> **ACTION ITEM**:
Set down each line of the material that follows, exactly, with no pictures.

> **DATA EXCERPT**:
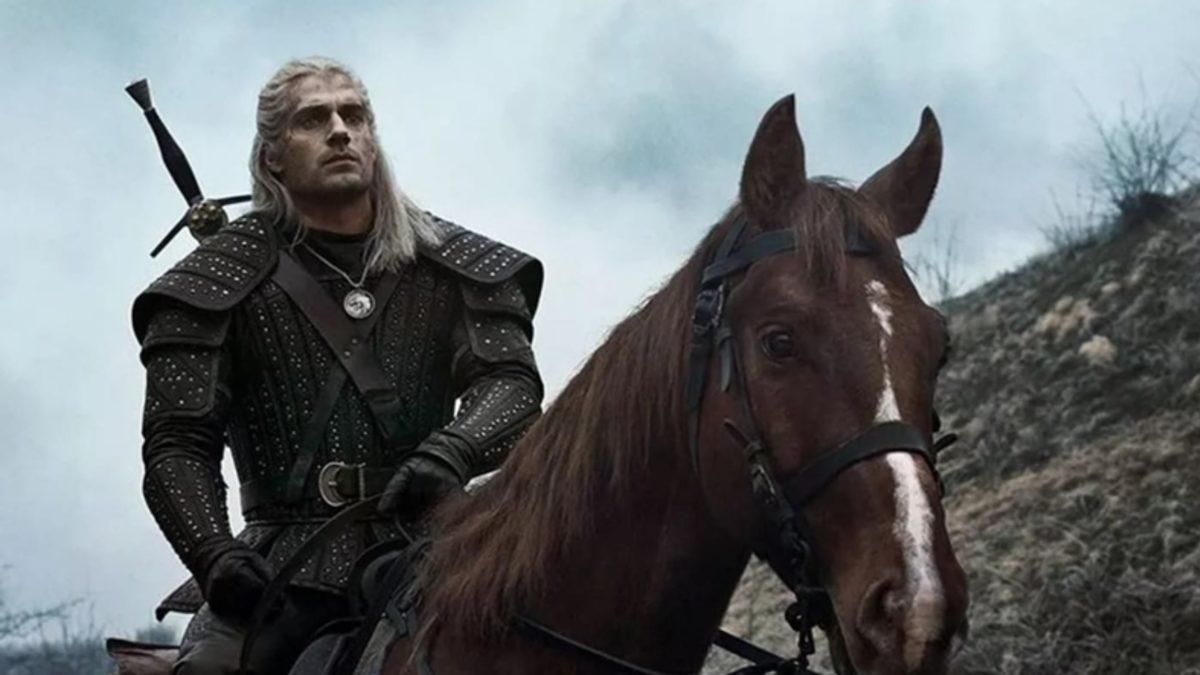 Netflix, Henry Cavill’lı The Witcher Dizisinden Yeni Bir Video Yayınladı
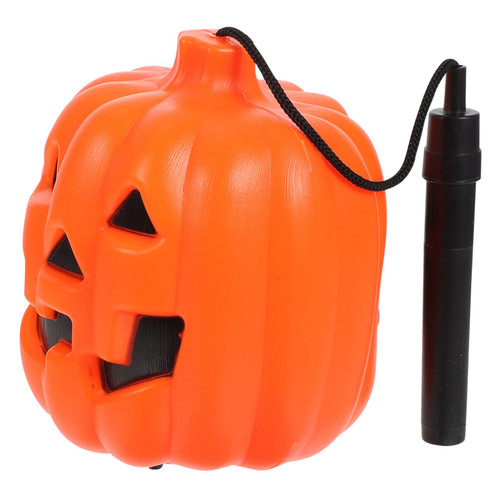 TOVINANNA Spider Jack-O-Lantern Halloween Decorations Outdoor LED Night Lights Outdoor Decor Light up Halloween Decorations Jack o Lantern Decorations Outdoor Pumpkin Lantern Pumpkin Decor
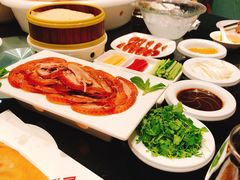 -阿庄新豫菜(通泰路店)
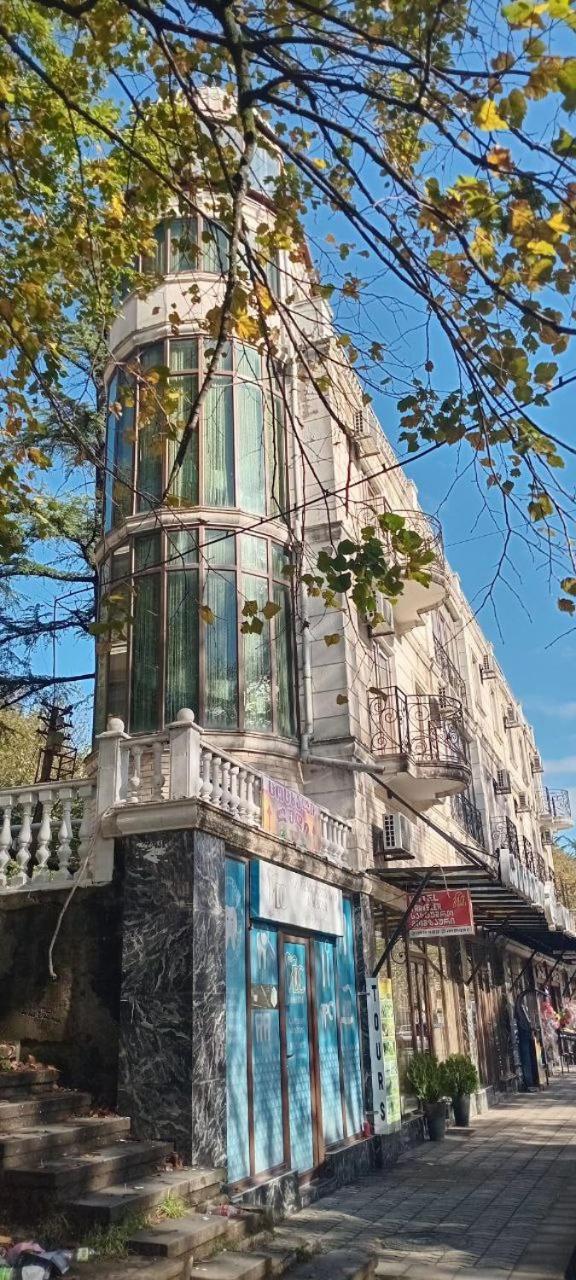 Old Tbilisi Narikala Apartment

> **TASK ANSWER**:
 Netflix, Henry Cavill’lı The Witcher Dizisinden Yeni Bir Video Yayınladı
 TOVINANNA Spider Jack-O-Lantern Halloween Decorations Outdoor LED Night Lights Outdoor Decor Light up Halloween Decorations Jack o Lantern Decorations Outdoor Pumpkin Lantern Pumpkin Decor
 -阿庄新豫菜(通泰路店)
 Old Tbilisi Narikala Apartment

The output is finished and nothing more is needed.